Do some of the owls that come south die? Inevitably yes. Like all raptors many young birds die from a number of causes. They pick up parasites, get fungal infections, they are hit by cars and planes and die of electrocution. They also perish as secondary victims of rodent poisons. Tragically, some are even shot. Undoubtedly a few are not good hunters and do starve. This winter in Massachusetts there have been ten dead Snowy Owls examined at the time of this writing. Four were hit by planes, one electrocuted, two poisoned, one hit by a train, one died from undetermined head trauma and one from internal parasites.

To date this winter 43 Snowy Owls have been banded at Logan Airport. Most are HY birds and all were in good body condition and weight.

Snowy Owls on the breeding grounds are diurnal because it never gets dark during breeding season. However, in winter, using night vision equipment, Norman has found that they do most of their hunting at night (which is also the best time to capture them). He has collected over 6,000 pellets. He has watched these master hunters capture an assortment of mammals and birds including mice and rats, rabbits, cats, passerines, waterfowl including geese, great blue heron, gulls, and even other raptors including American Kestrel, Northern Harrier, Short-eared Owls, Barn Owl, Saw-whet Owls, Barred Owl, Peregrine Falcon and even another Snowy Owl. Distribution trends and tracking during the current invasion seem to indicate that much of the transplanted population is preying on sea birds.

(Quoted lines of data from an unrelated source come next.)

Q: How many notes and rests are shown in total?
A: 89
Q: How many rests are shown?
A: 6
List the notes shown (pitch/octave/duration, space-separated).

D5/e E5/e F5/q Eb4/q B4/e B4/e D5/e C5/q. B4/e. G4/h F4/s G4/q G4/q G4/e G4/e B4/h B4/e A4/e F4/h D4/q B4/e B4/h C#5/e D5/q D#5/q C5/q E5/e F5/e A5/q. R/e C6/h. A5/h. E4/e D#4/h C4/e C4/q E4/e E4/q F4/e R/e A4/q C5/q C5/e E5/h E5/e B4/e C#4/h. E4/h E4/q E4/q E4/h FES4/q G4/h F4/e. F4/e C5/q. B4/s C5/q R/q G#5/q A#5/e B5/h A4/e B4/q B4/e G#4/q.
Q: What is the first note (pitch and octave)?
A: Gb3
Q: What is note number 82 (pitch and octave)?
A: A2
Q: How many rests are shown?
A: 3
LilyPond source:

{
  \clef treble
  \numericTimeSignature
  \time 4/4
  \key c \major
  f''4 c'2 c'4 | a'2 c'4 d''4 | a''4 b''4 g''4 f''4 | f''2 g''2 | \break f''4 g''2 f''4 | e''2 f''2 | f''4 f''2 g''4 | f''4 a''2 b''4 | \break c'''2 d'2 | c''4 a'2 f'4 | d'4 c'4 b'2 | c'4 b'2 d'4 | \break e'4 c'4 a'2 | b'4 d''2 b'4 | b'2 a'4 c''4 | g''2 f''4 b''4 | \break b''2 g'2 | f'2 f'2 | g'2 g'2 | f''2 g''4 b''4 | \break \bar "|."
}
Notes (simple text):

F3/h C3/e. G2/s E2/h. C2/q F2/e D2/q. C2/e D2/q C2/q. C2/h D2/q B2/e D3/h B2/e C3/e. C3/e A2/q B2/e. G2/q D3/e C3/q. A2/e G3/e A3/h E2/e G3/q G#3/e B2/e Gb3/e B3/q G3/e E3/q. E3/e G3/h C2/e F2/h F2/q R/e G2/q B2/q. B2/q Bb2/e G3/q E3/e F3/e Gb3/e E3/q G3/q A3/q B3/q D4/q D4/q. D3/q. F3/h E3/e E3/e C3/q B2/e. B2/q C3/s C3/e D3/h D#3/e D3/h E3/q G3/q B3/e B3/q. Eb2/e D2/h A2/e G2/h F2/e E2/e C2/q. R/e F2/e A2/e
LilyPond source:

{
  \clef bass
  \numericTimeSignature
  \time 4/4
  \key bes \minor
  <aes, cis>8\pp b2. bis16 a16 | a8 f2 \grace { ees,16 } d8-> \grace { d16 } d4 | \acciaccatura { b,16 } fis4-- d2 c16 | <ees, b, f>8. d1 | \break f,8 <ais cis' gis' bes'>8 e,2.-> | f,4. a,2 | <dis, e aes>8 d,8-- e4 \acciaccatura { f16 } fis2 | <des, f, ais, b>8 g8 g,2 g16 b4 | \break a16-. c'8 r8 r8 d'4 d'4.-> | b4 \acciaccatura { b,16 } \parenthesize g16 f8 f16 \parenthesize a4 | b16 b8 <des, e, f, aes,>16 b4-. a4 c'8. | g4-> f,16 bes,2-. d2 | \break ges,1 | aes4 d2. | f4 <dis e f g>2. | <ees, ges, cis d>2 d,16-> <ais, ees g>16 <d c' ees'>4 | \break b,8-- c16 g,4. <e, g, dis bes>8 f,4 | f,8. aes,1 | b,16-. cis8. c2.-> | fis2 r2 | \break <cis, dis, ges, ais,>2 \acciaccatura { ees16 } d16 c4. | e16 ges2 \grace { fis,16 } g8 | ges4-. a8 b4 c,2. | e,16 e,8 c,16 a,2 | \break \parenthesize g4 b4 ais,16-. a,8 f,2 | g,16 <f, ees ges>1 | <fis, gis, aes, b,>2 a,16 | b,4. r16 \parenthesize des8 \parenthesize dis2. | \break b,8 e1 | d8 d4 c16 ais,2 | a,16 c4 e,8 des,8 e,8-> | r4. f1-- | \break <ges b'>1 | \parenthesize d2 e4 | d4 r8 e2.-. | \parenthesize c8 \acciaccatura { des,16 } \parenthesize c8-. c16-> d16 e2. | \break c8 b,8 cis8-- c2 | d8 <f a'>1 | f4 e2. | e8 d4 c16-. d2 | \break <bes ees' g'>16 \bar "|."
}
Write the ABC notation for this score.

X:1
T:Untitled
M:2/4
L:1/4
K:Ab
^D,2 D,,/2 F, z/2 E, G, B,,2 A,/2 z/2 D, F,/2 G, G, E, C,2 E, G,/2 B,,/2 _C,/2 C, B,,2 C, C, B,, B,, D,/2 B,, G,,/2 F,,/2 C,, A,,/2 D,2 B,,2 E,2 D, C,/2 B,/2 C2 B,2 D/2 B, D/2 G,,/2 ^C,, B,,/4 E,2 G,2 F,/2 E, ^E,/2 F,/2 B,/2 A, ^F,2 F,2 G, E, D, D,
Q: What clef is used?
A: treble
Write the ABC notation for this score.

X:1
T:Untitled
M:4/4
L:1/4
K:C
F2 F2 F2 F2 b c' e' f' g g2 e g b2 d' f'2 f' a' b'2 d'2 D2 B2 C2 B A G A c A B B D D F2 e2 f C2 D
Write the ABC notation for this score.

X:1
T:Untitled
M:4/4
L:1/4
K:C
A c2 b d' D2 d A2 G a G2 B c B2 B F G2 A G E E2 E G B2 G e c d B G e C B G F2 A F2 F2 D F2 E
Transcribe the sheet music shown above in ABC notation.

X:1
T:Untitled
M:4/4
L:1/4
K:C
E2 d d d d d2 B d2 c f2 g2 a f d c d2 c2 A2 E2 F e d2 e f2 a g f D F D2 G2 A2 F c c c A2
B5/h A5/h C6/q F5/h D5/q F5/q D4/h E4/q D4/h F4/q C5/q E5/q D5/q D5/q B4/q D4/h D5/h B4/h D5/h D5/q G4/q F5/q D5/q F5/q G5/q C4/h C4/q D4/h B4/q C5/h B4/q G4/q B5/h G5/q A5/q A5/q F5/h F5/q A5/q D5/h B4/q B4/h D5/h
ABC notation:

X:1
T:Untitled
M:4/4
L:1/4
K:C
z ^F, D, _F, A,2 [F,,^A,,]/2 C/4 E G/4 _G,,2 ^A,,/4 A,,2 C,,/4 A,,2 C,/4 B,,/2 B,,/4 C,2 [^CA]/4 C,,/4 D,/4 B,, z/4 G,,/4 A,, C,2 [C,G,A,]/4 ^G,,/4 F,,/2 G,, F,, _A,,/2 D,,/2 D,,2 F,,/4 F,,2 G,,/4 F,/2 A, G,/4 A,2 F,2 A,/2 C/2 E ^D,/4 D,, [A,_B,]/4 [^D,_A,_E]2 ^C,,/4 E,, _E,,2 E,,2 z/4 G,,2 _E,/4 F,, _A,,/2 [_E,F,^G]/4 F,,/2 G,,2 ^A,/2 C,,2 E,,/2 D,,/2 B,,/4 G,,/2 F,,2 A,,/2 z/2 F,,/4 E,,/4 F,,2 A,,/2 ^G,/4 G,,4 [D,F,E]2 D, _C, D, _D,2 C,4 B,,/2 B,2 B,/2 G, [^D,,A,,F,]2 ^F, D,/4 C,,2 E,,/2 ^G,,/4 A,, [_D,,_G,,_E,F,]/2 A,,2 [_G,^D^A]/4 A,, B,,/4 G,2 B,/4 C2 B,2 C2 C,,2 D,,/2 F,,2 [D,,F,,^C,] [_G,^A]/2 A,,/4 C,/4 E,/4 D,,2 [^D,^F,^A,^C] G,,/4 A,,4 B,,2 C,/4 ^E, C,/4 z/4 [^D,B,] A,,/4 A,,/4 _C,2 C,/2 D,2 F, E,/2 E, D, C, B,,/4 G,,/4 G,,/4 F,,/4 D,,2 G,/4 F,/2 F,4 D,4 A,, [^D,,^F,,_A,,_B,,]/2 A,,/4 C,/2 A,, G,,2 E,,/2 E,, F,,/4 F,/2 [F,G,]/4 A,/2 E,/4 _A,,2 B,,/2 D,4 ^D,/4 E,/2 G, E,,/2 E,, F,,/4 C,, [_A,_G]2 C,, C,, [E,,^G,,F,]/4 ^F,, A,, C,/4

A number of owls have returned to the Logan Airport from 2 to 16 years after they were banded. It was assumed they made it back to the arctic but this had not been documented so a few years ago it was decided to equip some of them with satellite transmitters so they could be tracked. This had never been done with Snowy Owls before. Norman collaborated with Mark Fuller who put transmitters on nesting owls in Barrow, Alaska. Wintering owls in Massachusetts were also outfitted with transmitters. The owls from Barrow went north for the winter and stayed on the pack ice, probably feeding on sea birds, something that had not been documented before. Of the Massachusetts owls three were shot in Massachusetts, but the others made it back to the arctic in the area of Baffin Island. This proved that some owls do make it back to the arctic and come back to Massachusetts in future years. It also suggests that some adult birds may visit the south on a regular basis. Not just during invasion years.

A few words about aging and sexing Snowy Owls: Contrary to the impression given in many field guides aging and sexing these birds in the field is no simple matter. Like most owls you need to have them in hand to take measurements and examine plumage patterns and molt. The assumption that all very white birds are adult males, darker ones are female and very dark ones are immature is often incorrect. While these assumptions are undoubtedly true in a number of cases, and may even be true in the majority, there are enough exceptions to negate them as valuable field identification criteria. Snowy Owls are individuals with unique individual coloration. Researchers have noted, for example, that the last bird hatched in a clutch is invariably darker than the first, regardless of sex. A very dark captive Snowy Owl at one nature center in the U.S. is almost as dark now as the day it was fledged. Many visiting ‘experts’ look at it and proclaim it to be a hatch year bird. This Snowy has reached the venerable age of 18. In Russia, Irina Menyushina, who has been studying Snowy Owls on Wrangell Island for almost 30 years, has photos of birds that are almost completely white and have been sexed in hand as breeding females. Given these and many other variations noted during banding operations we can only conclude that aging and sexing in the field is risky at best.